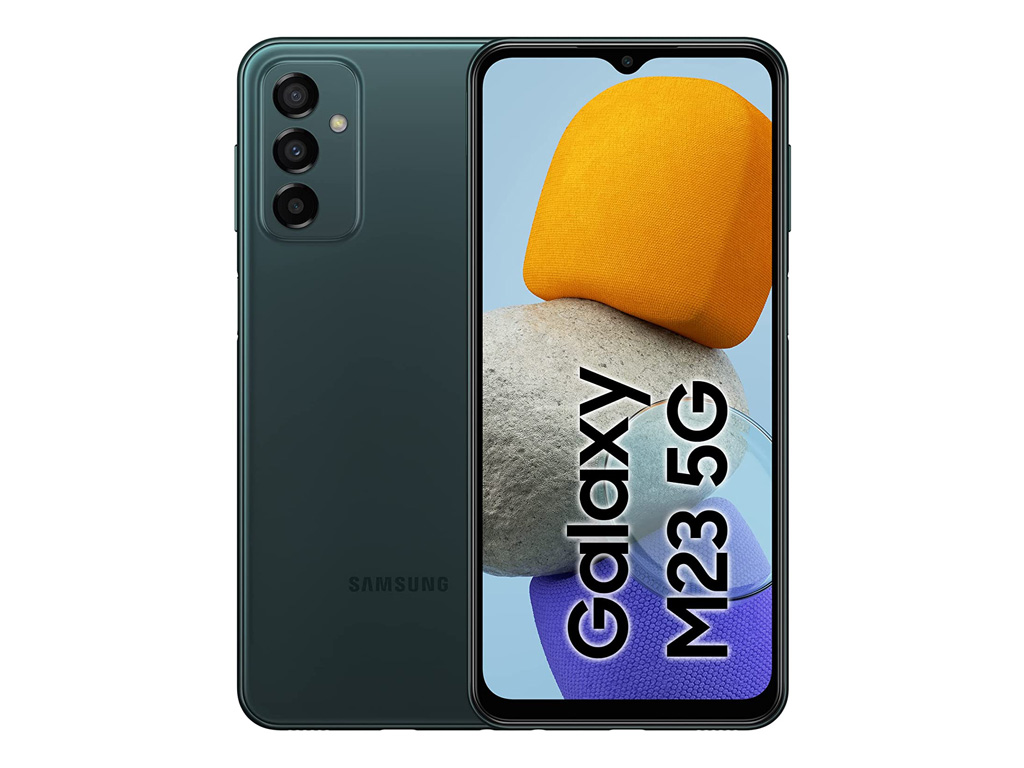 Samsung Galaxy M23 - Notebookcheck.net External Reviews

• • • • •

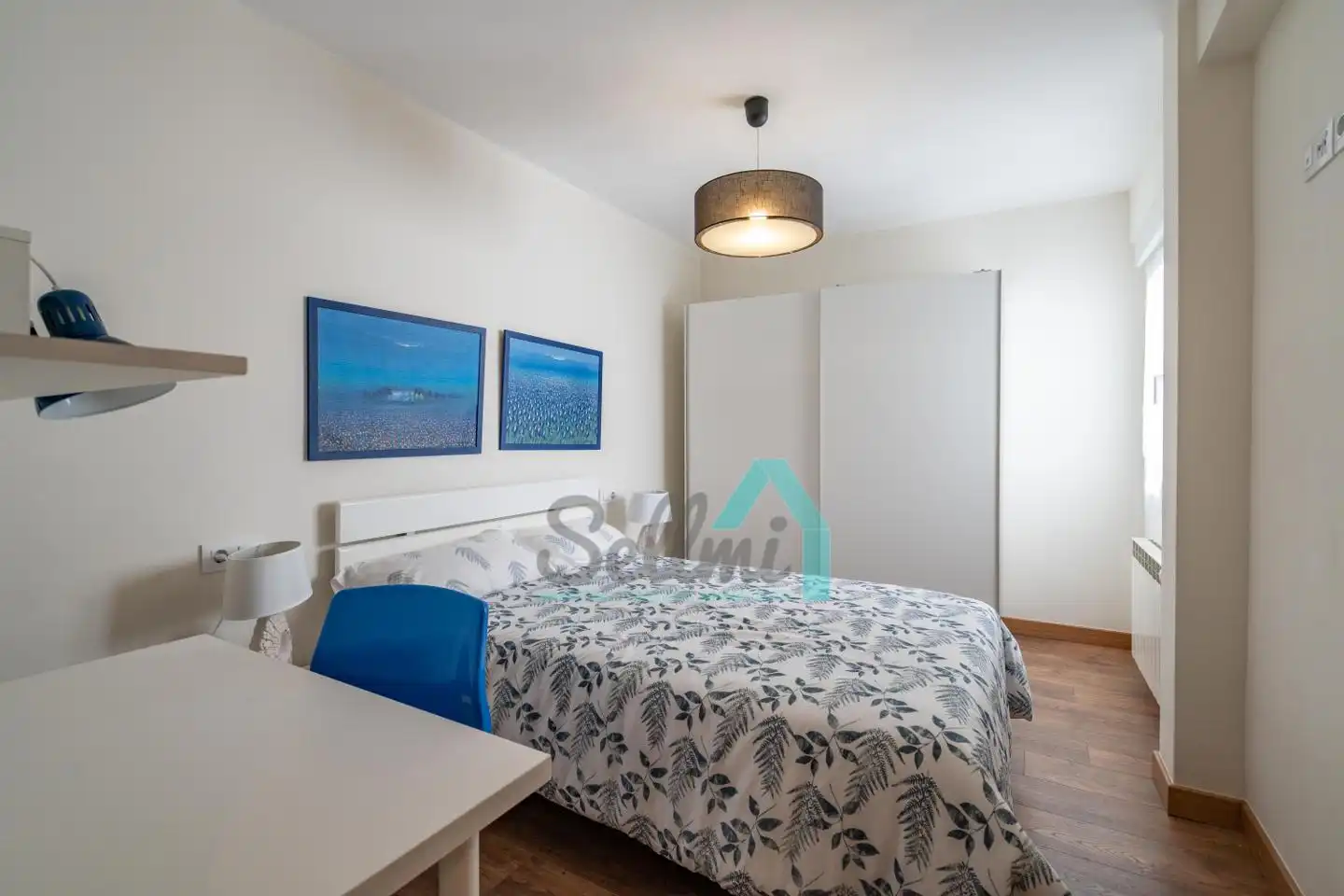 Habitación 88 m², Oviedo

• • • • •

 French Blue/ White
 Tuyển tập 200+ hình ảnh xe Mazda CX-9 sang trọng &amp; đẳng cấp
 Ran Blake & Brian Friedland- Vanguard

• • • • •

From the records above, copy out the line with "French Blue/ White", the line with "Ran Blake & Brian Friedland- Vanguard", and every line between them, word for word.

◆ **Task answer**
 French Blue/ White
 Tuyển tập 200+ hình ảnh xe Mazda CX-9 sang trọng &amp; đẳng cấp
 Ran Blake & Brian Friedland- Vanguard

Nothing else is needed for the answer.